Principle:Microsoft DeepSpeedExamples Model Evaluation And Export
Sources
- Blog: DeepSpeed-Chat — GitHub: DeepSpeed-Chat
Domains
- NLP
- Evaluation
- Model_Serving
Overview
A methodology for evaluating fine-tuned language models by comparing baseline and fine-tuned responses on standardized prompts.
Description
After any stage of the RLHF training pipeline (supervised fine-tuning, reward model training, or PPO-based alignment), the resulting model must be evaluated qualitatively to determine whether the fine-tuning improved response quality. The evaluation methodology follows a side-by-side comparison approach:
- Load two models — a baseline model (pre-training or earlier checkpoint) and the fine-tuned model.
- Define standardized evaluation prompts — a fixed set of diverse prompts covering factual knowledge, creative writing, explanation, and reasoning.
- Generate responses from both models using identical decoding parameters (e.g., greedy decoding).
- Print side-by-side comparisons — for each prompt, display the baseline response and the fine-tuned response for human inspection.
This approach reveals several important quality dimensions:
- Instruction following — Does the fine-tuned model respond to the prompt as instructed?
- Helpfulness — Are the fine-tuned responses more informative and useful?
- Safety — Does the fine-tuned model avoid harmful or inappropriate content?
- Fluency — Are responses grammatically correct and coherent?
- Factual accuracy — Does fine-tuning introduce or correct factual errors?
Decoding Strategies
Multiple decoding strategies can be employed during evaluation to test different aspects of model behavior:
| Strategy | Description | Use Case |
|---|---|---|
| Greedy decoding | Selects the highest-probability token at each step | Deterministic baseline; tests the model's most confident outputs |
| Beam search | Explores multiple candidate sequences in parallel | Balances quality with diversity |
| Multinomial sampling | Samples from the probability distribution | Tests generation diversity and creativity |
| Contrastive search | Penalizes repetitive tokens using a degeneration penalty | Reduces repetitive outputs while maintaining coherence |
| Diverse beam search | Groups beams and penalizes within-group similarity | Generates diverse high-quality candidates |
Multilingual Support
Evaluation prompts should be available in multiple languages to test the model's cross-lingual alignment. The DeepSpeed-Chat evaluation supports English, Chinese, and Japanese prompt sets.
Usage
Use this evaluation methodology after completing any training step in the RLHF pipeline:
- After Step 1 (SFT): Compare the base pre-trained model against the supervised fine-tuned model to verify instruction-following capability.
- After Step 2 (Reward Model): The reward model is not evaluated via generation but via ranking accuracy. However, the SFT model used as the reward model backbone can be evaluated.
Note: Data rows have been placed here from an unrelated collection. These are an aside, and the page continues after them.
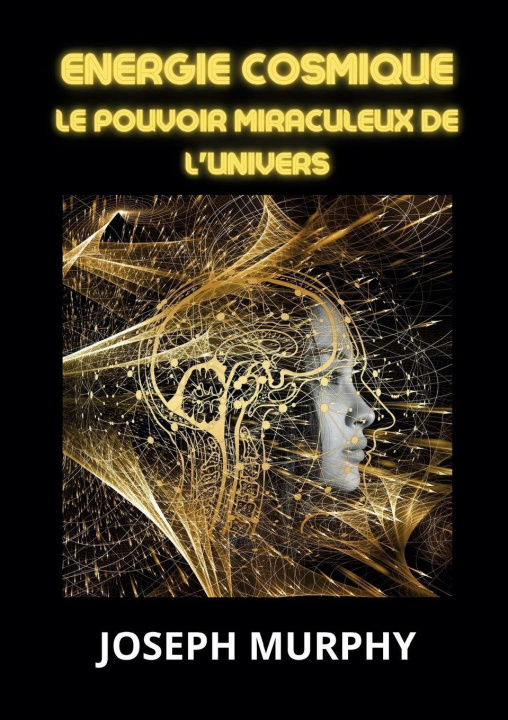 Book Energie cosmique Joseph Murphy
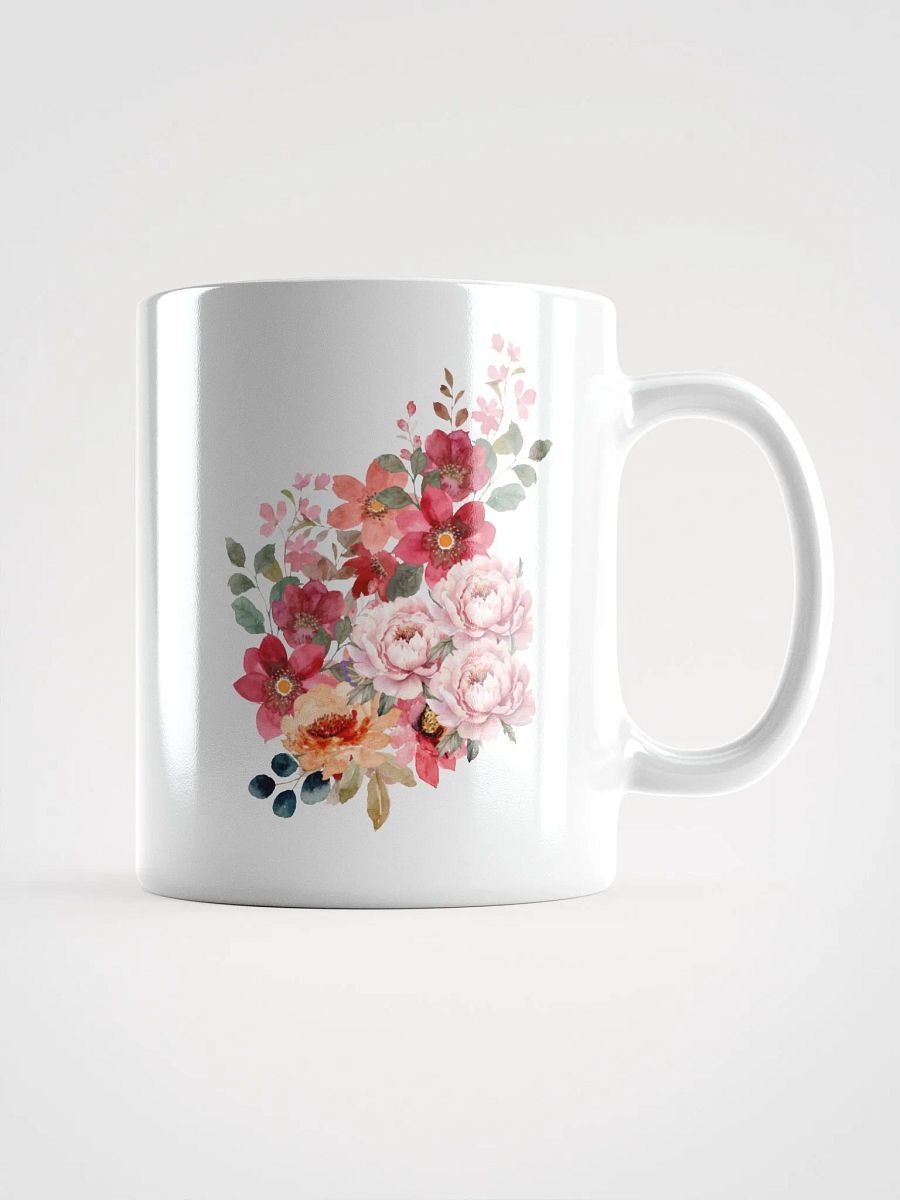 Blossom Delight Mug product image (3)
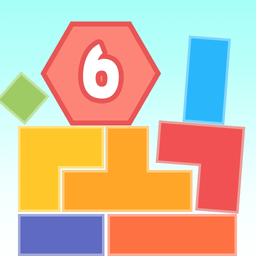 方块君挺住小游戏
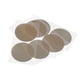 thumbnail image 3 of Juego de 50 pares de protectores de pezones desechables ultrafinos para hombre para una protección cómoda al correr, 3 of 8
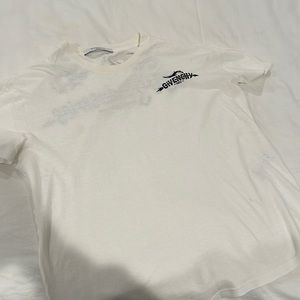 Men’s givenchy shirt SOFT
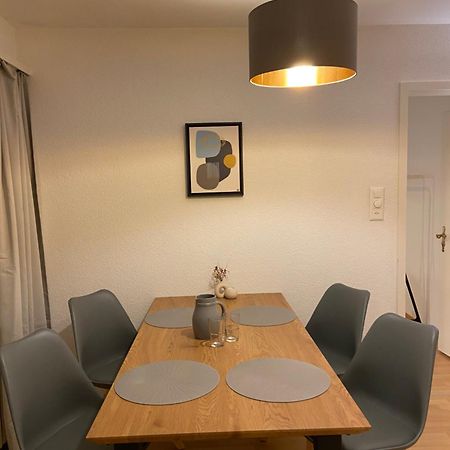 Comfort 1 And 2Bdr Apartment Close To Zurich Airport Esterno foto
- After Step 3 (RLHF/PPO): Compare the SFT model against the RLHF-trained model to verify that alignment training improved response quality beyond supervised fine-tuning alone.
Best Practices
- Use a fixed prompt set across evaluations to enable consistent comparison over time.
- Include diverse prompt types: factual questions, creative tasks, reasoning problems, and potentially sensitive topics.
- Evaluate with greedy decoding first as a deterministic baseline, then test with sampling-based strategies.
- Note prompt formatting: prompts should end with a colon or other delimiter to prevent the model from getting stuck. Prompts ending with a space can cause pre-trained (non-fine-tuned) models to produce no output.
- Document observations for each prompt pair to track improvement trends across training runs.